Here is part of a post exemplifying how I understand the relation between goals and intelligence:
If a goal has very few constraints then the set that satisfies all constraints is very large. A vague and ambiguous goal allows for too much freedom in the sense that a wide range of world states would have the same expected value and therefore imply a very large solution space, since a wide range of AI’s will be able to achieve those world states and thereby satisfy the condition of being improved versions of their predecessor.
This means that in order to get an AI to become superhuman at all, and very quickly in particular, you will need to encode a very specific goal against which mistakes, optimization power and achievement can be judged.
It is really hard to communicate how I perceive this and other discussions about MIRI’s position without offending people, or killing the discussion.
I am saying this in full honesty. The position you appear to support seems so utterly “complex” (far-fetched) that the current arguments are unconvincing.
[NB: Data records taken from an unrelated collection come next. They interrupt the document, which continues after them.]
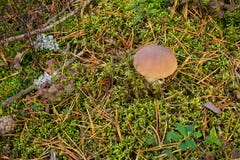 Si espande rapidamente il boletus che coltiva nella foresta le piante ed i funghi della foresta fotografie stock Si espande rapidamente il boletus che coltiva nella foresta le piante ed i funghi della foresta fotografie stock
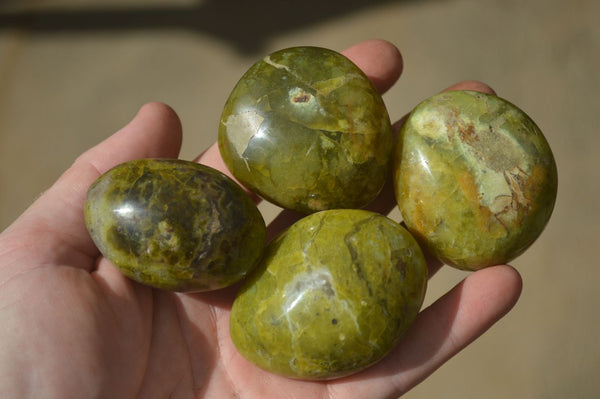 Polished Green Opal Galet / Palm Stones x 12 From Antsirabe Madagascar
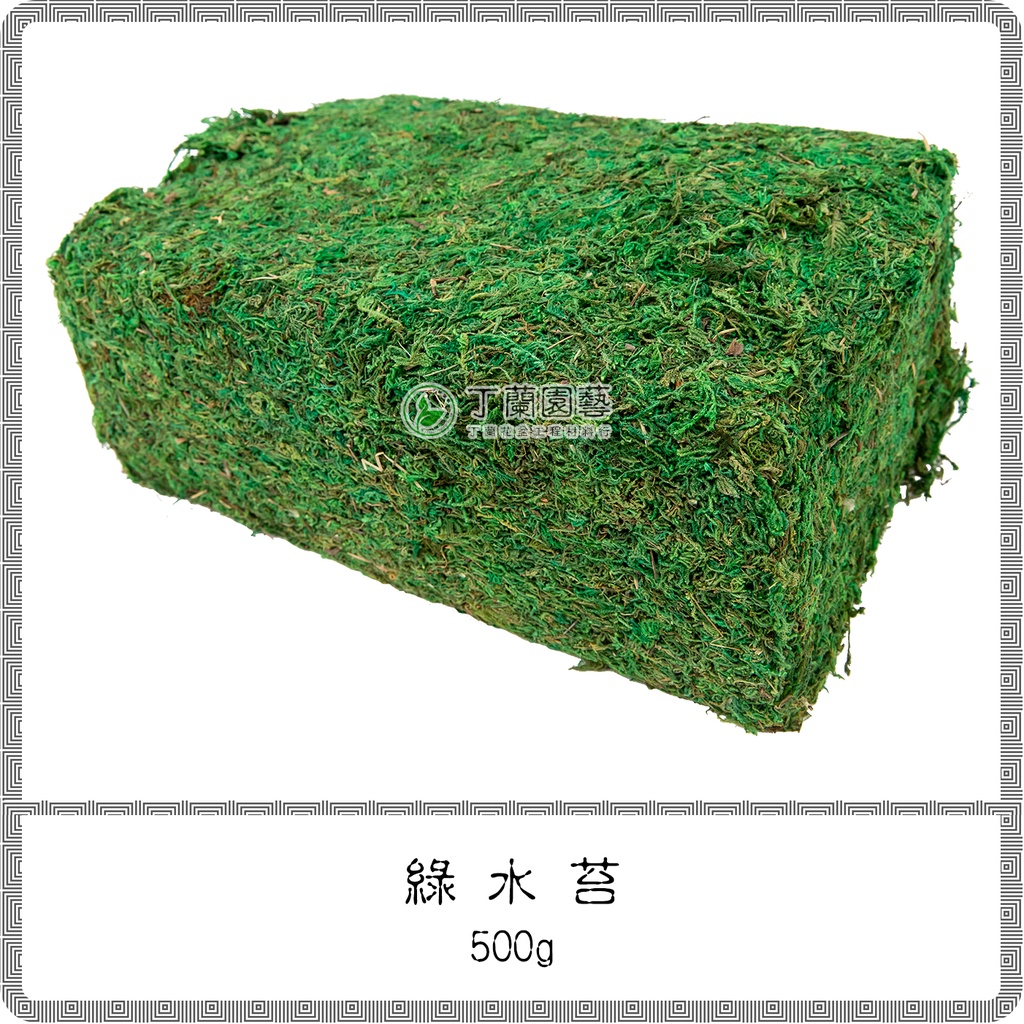綠水苔500g 染色綠水苔綠水草蘭花插花盆栽造景 蝦皮購物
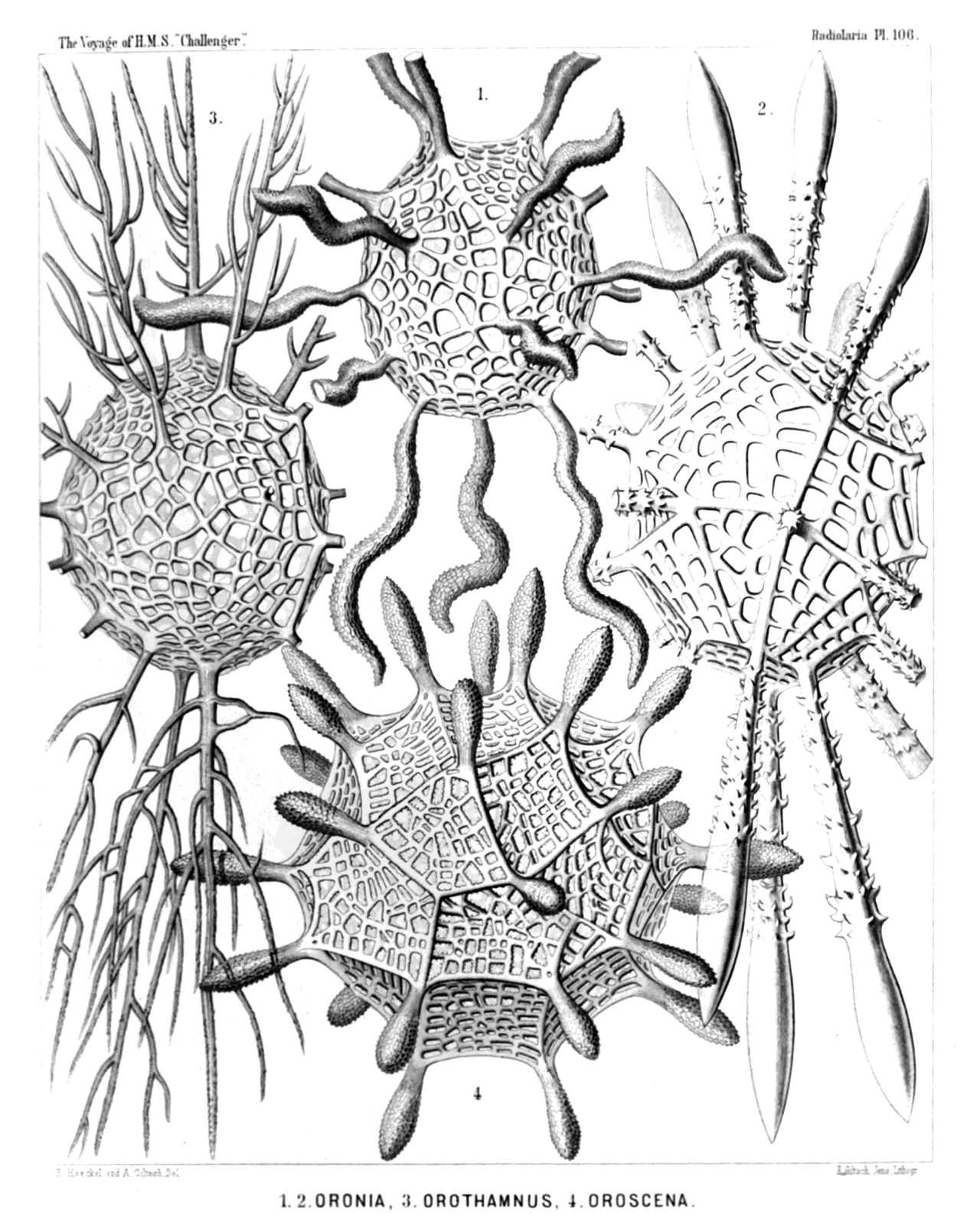 Plate 106.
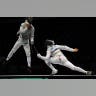 Team foil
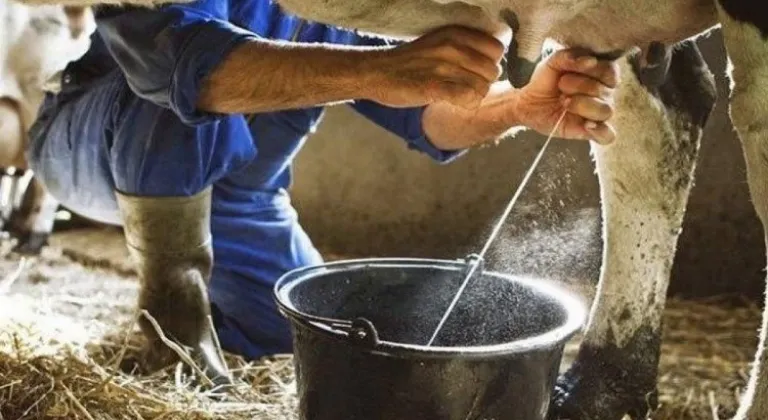 Bir Milyondan Fazla İnekten Süt Toplandı
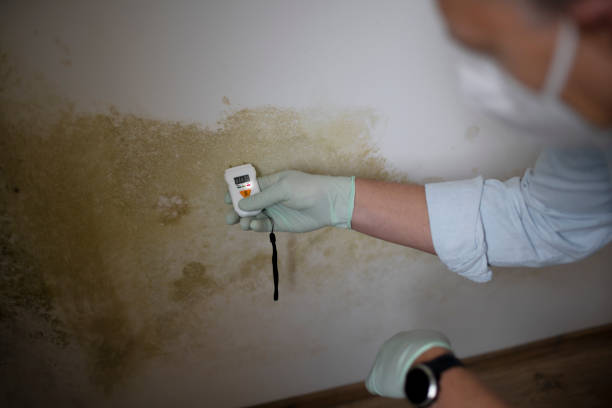 Reliable North El Monte, CA Mold Removal Solutions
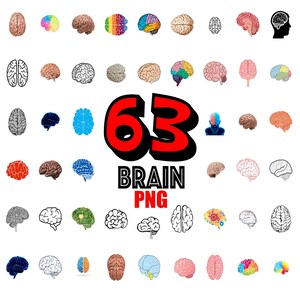 Gehirn PNG Bundle - Digitale Dateien für Handwerk & DIY-Projekte - Digital Download - Sofort - Gehirne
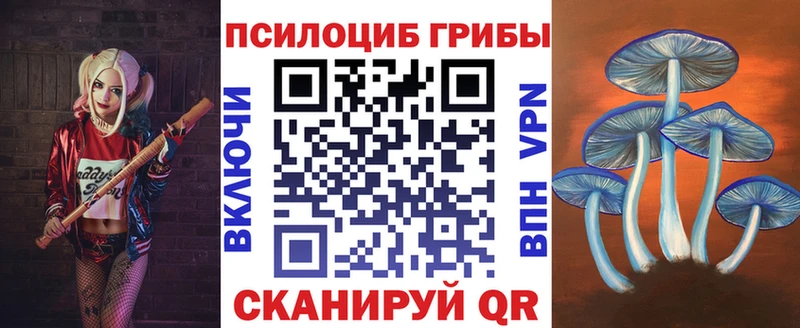 Псилоцибиновые грибы Psilocybe  Усолье 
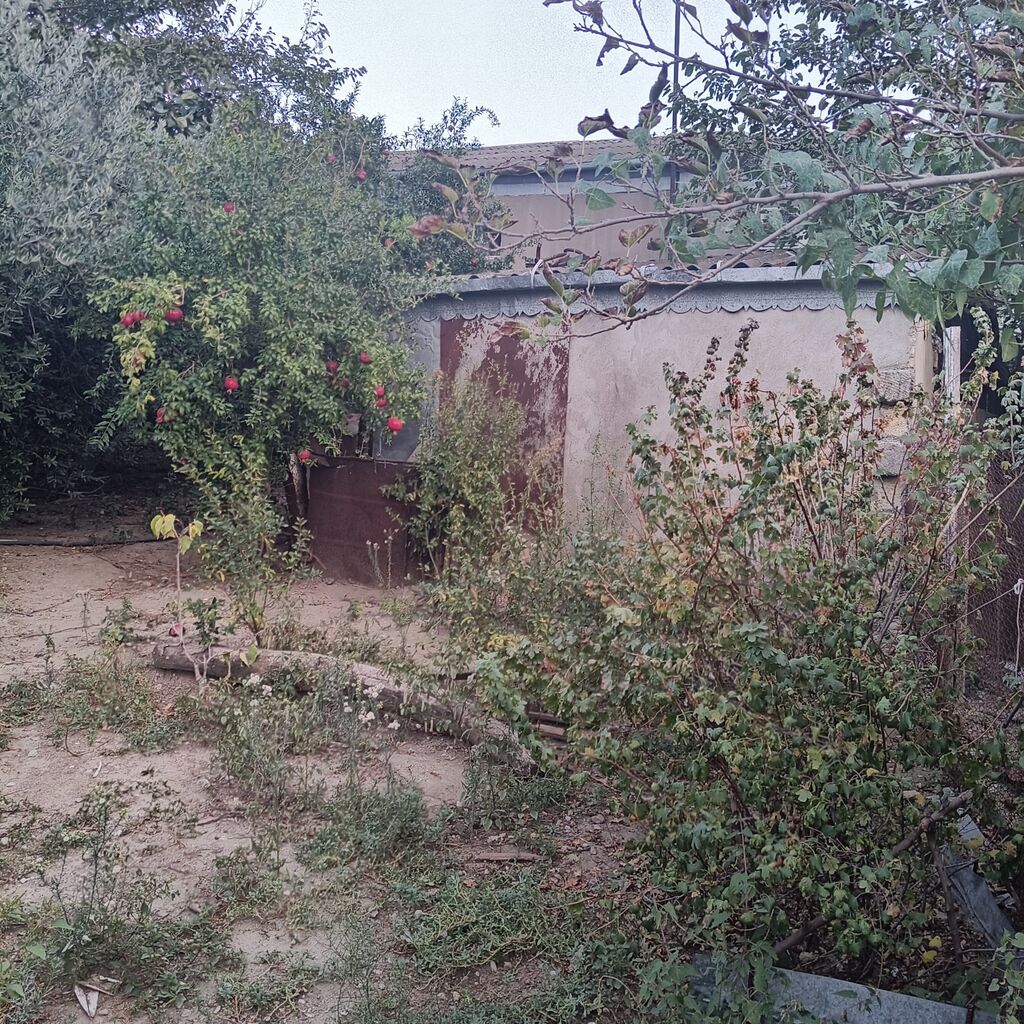 Kənd təsərrüfatı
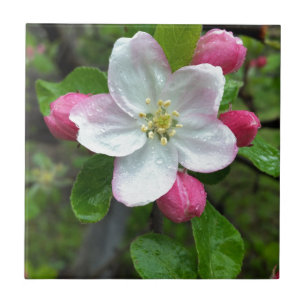 Rain drops on little flower tile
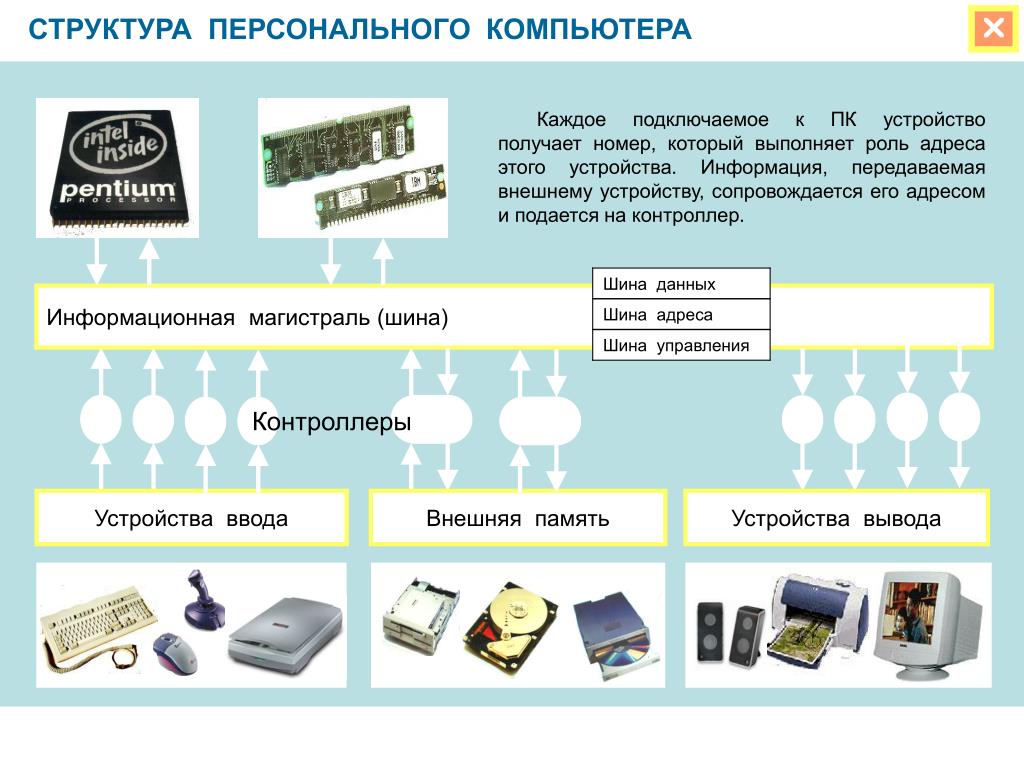 Первое Знакомство С Компьютером 8 Класс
Here is my perception of the scenario that you try to sell me (exaggerated to make a point). I have a million questions about it that I can’t answer and which your answers either sidestep or explain away by using “magic”.
At this point I probably made 90% of the people reading this comment incredible angry. My perception is that you cannot communicate this perception on LessWrong without getting into serious trouble. That’s also what I meant when I told you that I cannot be completely honest if you want to discuss this on LessWrong.
I can also assure you that many people who are much smarter and higher status than me think so as well. Many people communicated the absurdity of all this to me but told me that they would not repeat this in public.
Pretending to be friendly when you’re actually not is something that doesn’t even require human level intelligence. You could even do it accidentally.
In general, the appearance of Friendliness at low levels of ability to influence the world doesn’t guarantee actual Friendliness at high levels of ability to influence the world. (If it did, elected politicians would be much higher quality.)